Mai furono più attuali le parole
di Giuseppe Verdi, appena 7 anni dopo l'Unità d'Italia.
Una lettera,
pochissimo conosciuta e diffusa, scritta da Giuseppe Verdi il 16
giugno 1867, sette anni dopo l’Unità d’Italia, all’on. Opprandino
Arrivabene. Entrambi erano stati eletti parlamentari nel
primo parlamento del Regno.
«Cosa fanno i nostri uomini di Stato? Coglionerie sopra coglionerie!

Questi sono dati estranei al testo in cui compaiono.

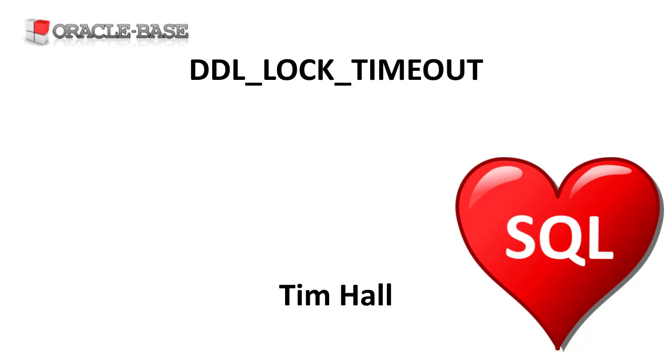Oracle 11g added the DDL lock timeout parameter, which indicates the number of seconds a DDL command should wait for the locks to become available.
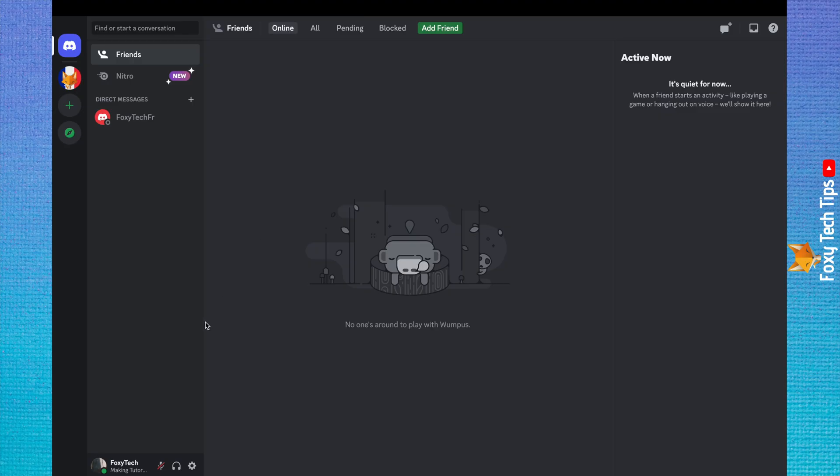Launch the Discord app for PC, then click on your username in the bottom left corner.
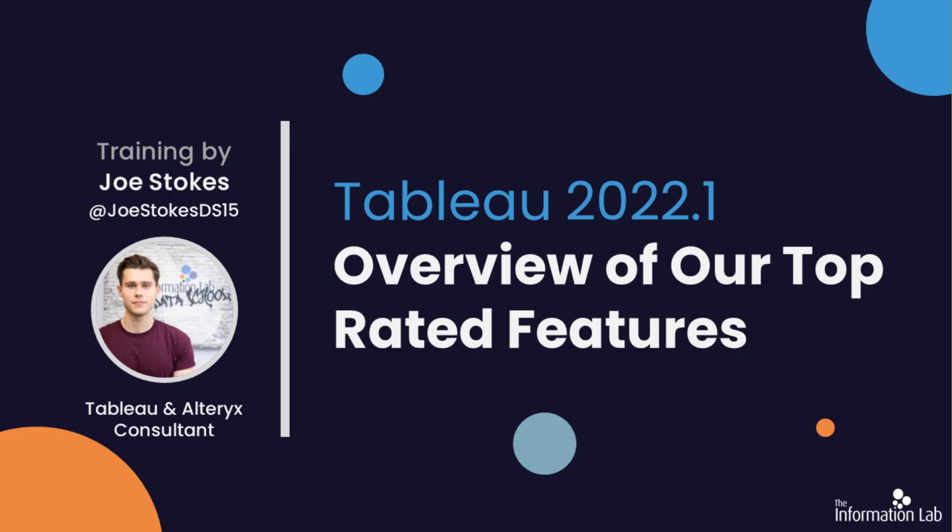Hi everyone, my name is Joe Stokes. I'm a core consultant here at the Information Lab.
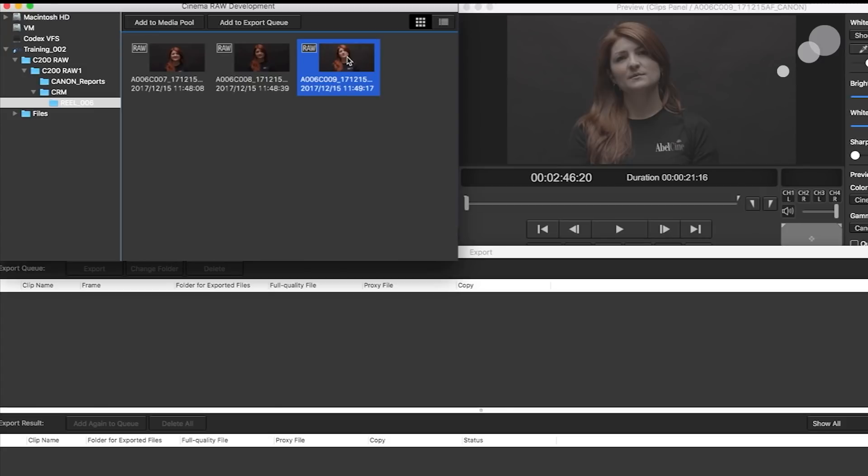Double click and brings it into the viewer here, and this is what is going to distinguish the Cinema RAW Development software from say Resolve or other programs.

Ci vuol altro che mettere delle imposte sul sale e sul macinato e
rendere ancora più misera la condizione dei poveri. Quando i padroni dei fondi non potranno, per troppe imposte, far più lavorare, allora
moriremo tutti di fame.
Cosa singolare!
Quando l' Italia era divisa in tanti piccoli Stati, le finanze di tutti
erano fiorenti!
Ora che tutti siamo uniti, siamo rovinati.
Ma dove sono le ricchezze d' una volta? Addio, addio»
Lettera che fa il paio con un’altra datata 2 settembre
1899 del potentino sen. Giustino Fortunato al
napoletano sen. Pasquale Villari.
Sen. Giustino Fortunato
« L'unità d'Italia è stata e sarà - ne ho fede invitta - la nostra redenzione
morale.
Ma è stata, purtroppo, la nostra rovina economica.
Noi eravamo, il 1860, in floridissime condizioni per un risveglio
economico, sano e profittevole.
L'Unità ci ha perduti.
E come se questo non bastasse, è provato, contrariamente all'opinione di
tutti, che lo Stato italiano profonde i suoi benefici finanziari nelle province
settentrionali in misura ben maggiore che nelle meridionali.»
Della serie: stavamo meglio quando eravamo...single!